How do the new DOL rules affect 401(k) plan participants?   It is an increasingly common trend that individuals at or near the end of their working careers consult an investment adviser to plan for retirement, and to receive advice to roll 401(k) or other qualified retirement account assets into a privately managed IRA, annuity, or other financial product.  This is not an inherently bad practice, but many investors do not realize that while their 401(k) plan is subject to ERISA fiduciary rules, the privately-managed alternatives may offer less fiduciary protection, higher fees, or increased commissions than other comparable (or even superior) products.

What should individuals do now?
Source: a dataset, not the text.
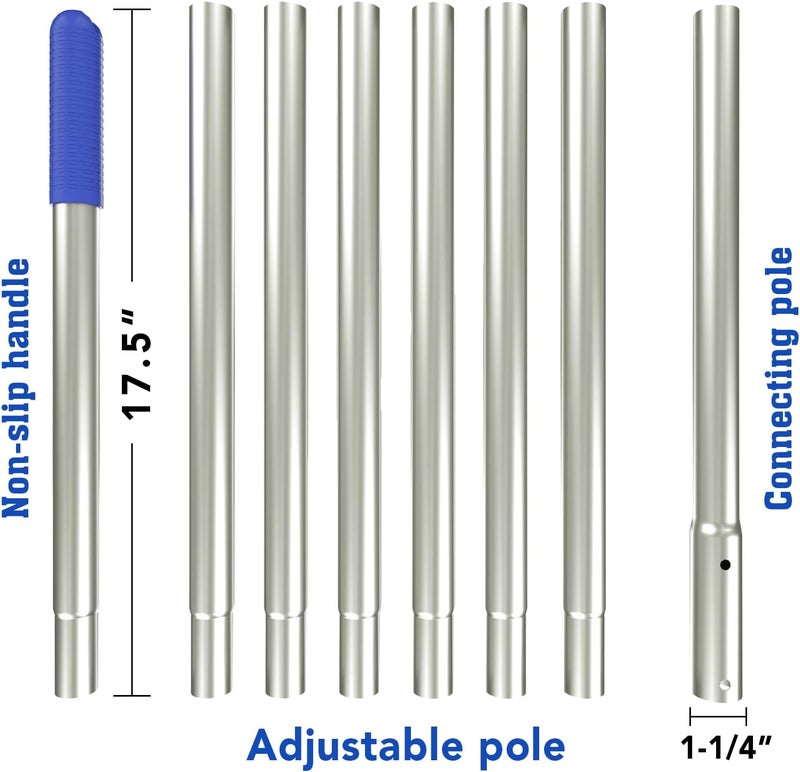 POOLWHALE 10.5 Foot Premium Aluminum Telescopic Swimming Pool Pole, Special Stripes Texture Strong Grip, Adjustable 8 Pieces 1.0 mm Expandable Step-Up, for Skimmer Nets, Vacuum Heads and Brushes - Image 3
Review your portfolio, especially regarding any fees and commissions, to ensure you are maximizing the value of retirement savings.  If you are approaching retirement age, make sure you review all available options, and the costs associated with each option, including the option of leaving 401(k) money in your 401(k) plan.  Finally, ask your investment adviser what they are doing now to comply with the new rules.

The retirement community is still figuring out the impact of the new DOL fiduciary rules.  In the long run, however, everyone – investment advisers, participants/retirees, and pension plans – should benefit from this rule change, because the new rules create a market for competition amongst investment advisers based on quality of advice, instead of price.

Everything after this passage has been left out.